By Alan Prendergast, Westword May 12, 2014
When does a park become a park? Is it when people start using it for recreation and picnics? When the area starts showing up on maps labeled as a park? When the Mayor of Denver describes it as “dedicated park land,” while assuring nearby homeowners it won’t be developed? Or is it when the city starts to maintain it, build trails on it and post signs about observing park rules?
None of the above, apparently. Not according to Denver District Court Judge Herbert Stern III — who, practically on the eve of trial, dismissed the case a grass-roots parks group had brought challenging the city’s decision to transfer eleven acres of open space in the Cherry Creek corridor in exchange for an office building downtown.
Mayor Michael Hancock’s plan to hand over the property adjacent to Paul A. Hentzell Park to the Denver Public Schools for a new school, in exchange for a DPS administration building that’s now being converted to a one-stop services center for domestic violence victims, has triggered a slew of questions about how the city officially designates — and protects — its parks. Although the property was officially declared a “natural area” just a few years ago, Hancock insisted that it was “blighted;” Denver Parks and Recreation manager Lauri Dannemiller withdrew the natural area designation, and the Denver City Council approved the deal last spring.
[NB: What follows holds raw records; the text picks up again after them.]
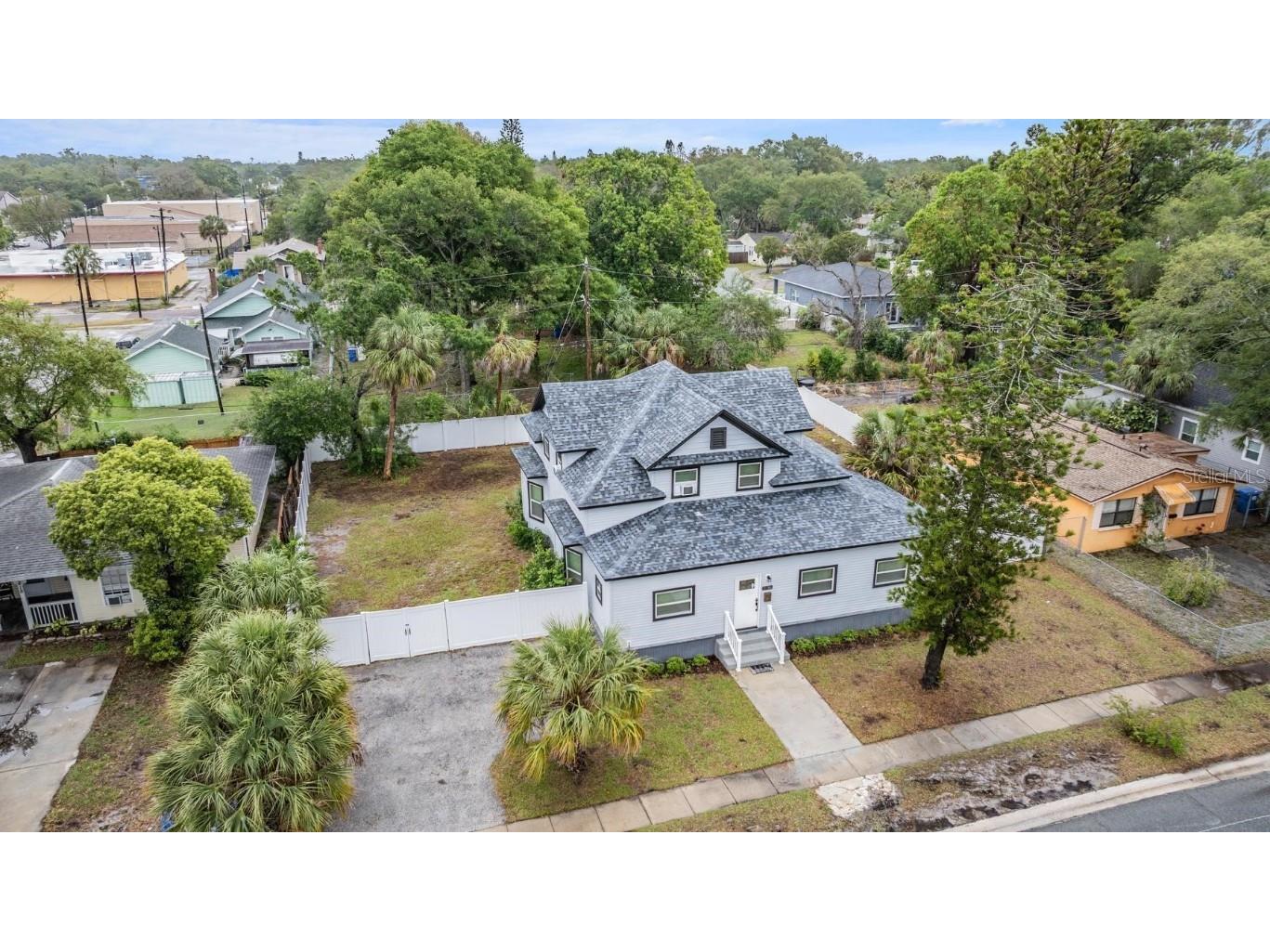 1830 20th Street S Saint Petersburg FL 33712 U8237071 image39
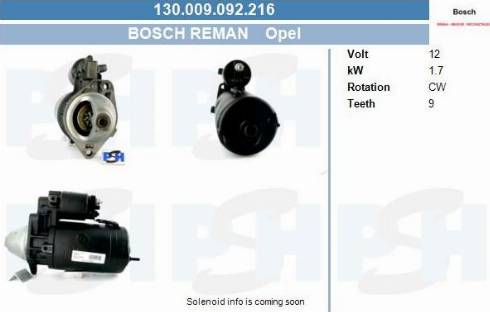 PSH 130.009.092.216 - Başlanğıc furqanavto.az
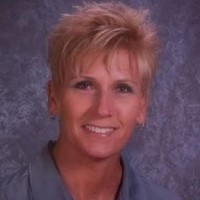 Kellee Horlacher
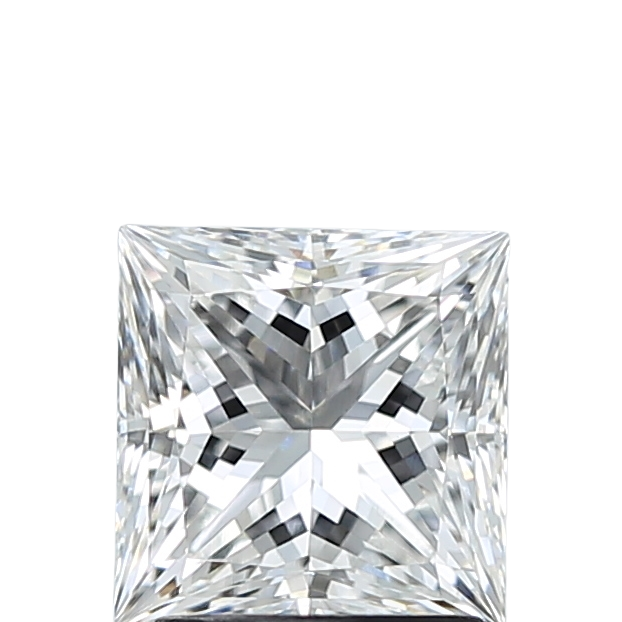 srdl_lab_loosediamond_princess_02-11_vvs2_e_2efc55d08148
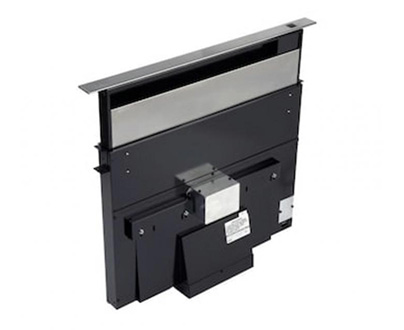 Click here for Downdraft Range Hoods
Although it is an old case, the precedent in Colorado for Common Law Designation is McIntyre (1900). It should still be good law today if Colorado courts have not completely dropped stare decisis as a principal of law. You will note that Judge Stern has completely ignored and failed to take into consideration this case. If such lower court judges as Stern were always right we would not need our system of appellate courts or all those case books which make law libraries look like there lot’s of stuff to study there!